Hendricks, Sipsmiths, Tanqueray, Monkey 47, Portobello Road; every self-respecting discerning drinker now has their gin of choice. Everyone has a different way to savour the Mother’s Ruin. The classic, nay – iconic way to enjoy this delightful spirit is with tonic in a highball glass garnished with slice of lime (or lemon if you fancy). This classic cocktail was introduced by the private army of the East India Company, the inclusion of tonic was important as it contained quinine and this could help combat the local scourge of Malaria. Also the flavour of the quinine complemented the greener notes of the gin (flavored with juniper), much as dry vermouth complements the gin in a classic martini. Its been a mainstay of British culture ever since.

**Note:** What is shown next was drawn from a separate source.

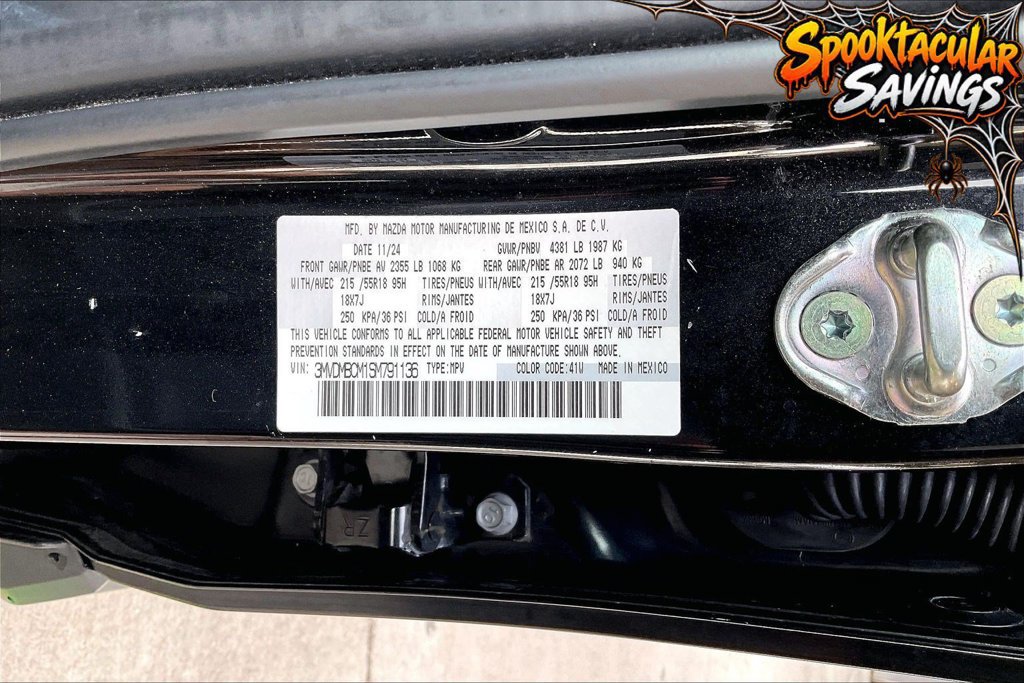 Used 2025 MAZDA CX-30 AWD 2.5 S w/ Preferred Package image 35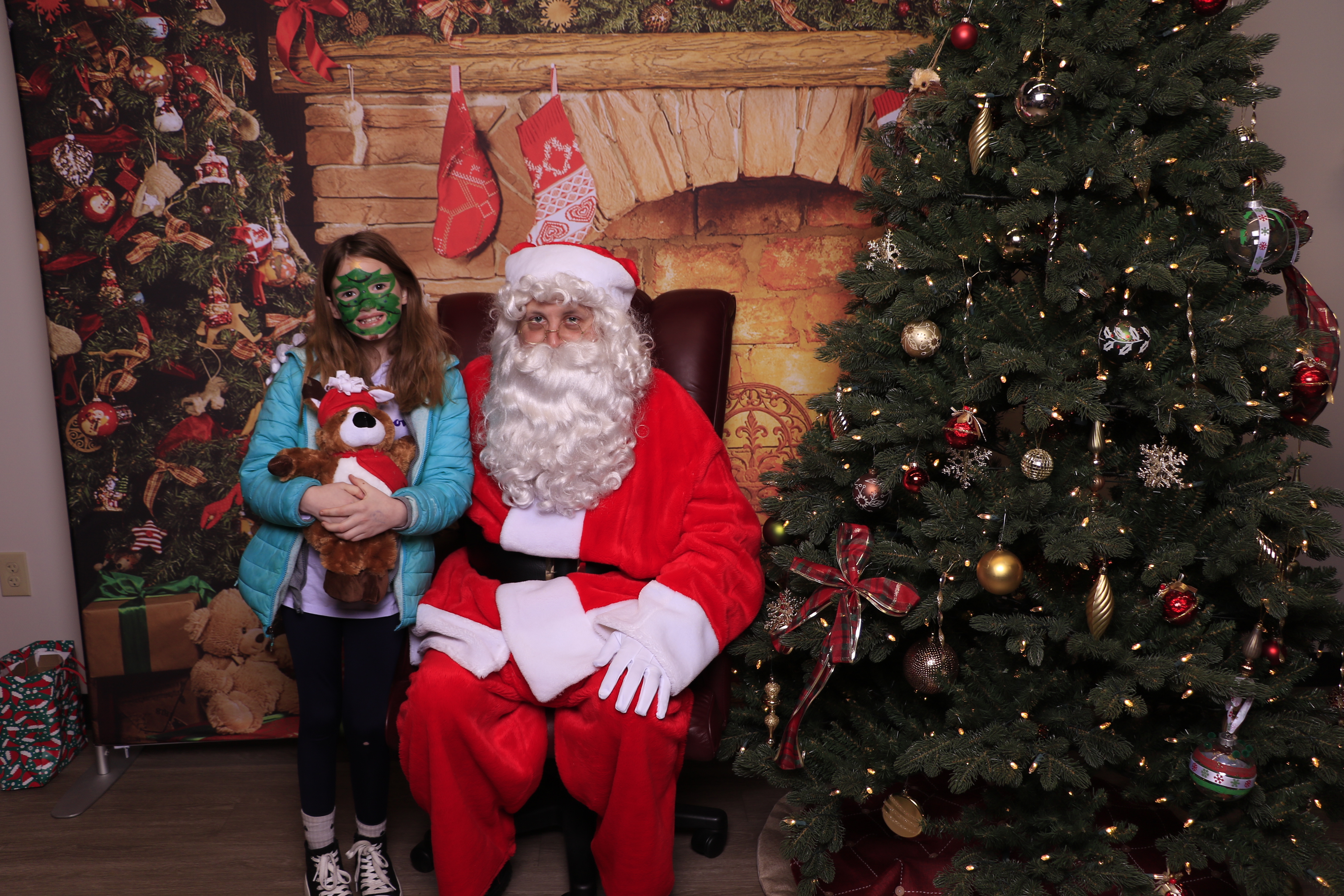 Monroe Christmas on the Plaza | View more photos from the event at gallery.photoboothcincy.com/u/PhotoBoothCincy/Monroe-Christmas-on-the-Plaza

Though as a plethora of Gins have hit the market and our taste buds have expanded and we’ve sampled more and more botanical mixes the humble partner in this classic cocktail has been overlooked. Like the growing varieties of gin out there tonics go beyond the usual Schweppes or Britvic. Below we profile some of the other options to combine with gin as you put your feet up and switch the wireless on at the end of a long day.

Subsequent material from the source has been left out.